This, however, is often proven to be better in theory than in actuality. It seems that those who are great at what they do may not truly understand how they did everything to get them there. This is as true in business as it is in sports. In the film clip below, Malcolm Gladwell discusses why a Professional Tennis Player may not be the best person to ask in determining 'how' to become a great tennis player.
As it turns out, the sports Pros may not be positioned well to teach you what they do because they do it instinctively. It isn't a rational decision they make, it's a reaction or response to stimuli. What Gladwell doesn't mention in this clip though is that there are people who are positioned to help you improve your game. Those people are the coaches. These are the people that have broken the moves down, who have studied what it takes to succeed; which is why they are there coaching the pros.

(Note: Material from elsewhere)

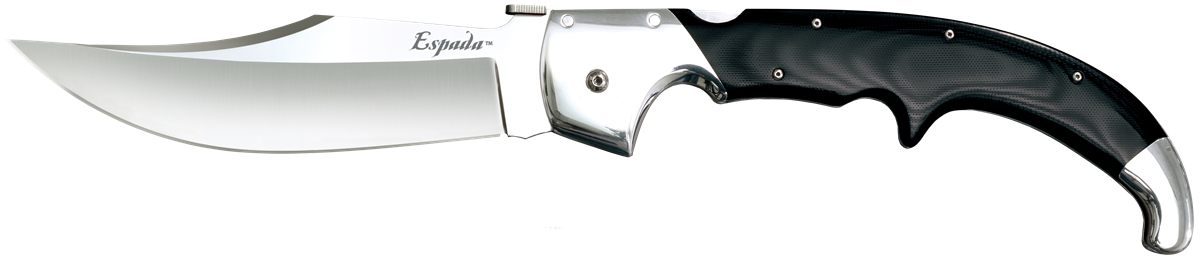 Cold Steel Espada Series Folding Knife with Tri-Ad Lock and Pocket Clip, XL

When you are looking for direction on how to become the best, your time may be better served in learning from those that helped the Best in Class get there, than in questioning those who have made it. Look to those who have guided the success of others, and not just themselves, for they understand what is necessary and are better positioned to help you find ways that will work for you. Most pros know what it took for them to get there but are not well-positioned to offer you alternative routes.
We see this happen in business where, for example, you have a sales rep out in the field who is just killing it. They are by-far out-selling all others and so, naturally, they get promoted. The assumption is that they will now teach those reporting to them 'how to do it'. The organization is hoping to now not just have one person in the field selling like crazy but a whole team of 'em. But... it just doesn't happen. Turns out... that sales rep turned manager doesn't know how to describe what they do to create rapport. They can't truly explain how the 'magic' works. Sure, they make up stuff to share and to get others working on replicating, but it turns out like that recipe you got from your grandma where it seems to be missing that one ingredient! Getting there and explaining 'how' to get there are not the same skill. Sometimes it it better to leave that amazing, exceptional person alone, doing what makes them amazing and exceptional and promote the person who understands the steps to helping others be amazing and exceptional.
Being the Best is an admirable goal. But, if you are looking to help grow and develop others, you don't need to be the Best at what you coach in, you just need to be the best coach. Two different skills. Make sure that you get what you need from those better positioned to give it to you.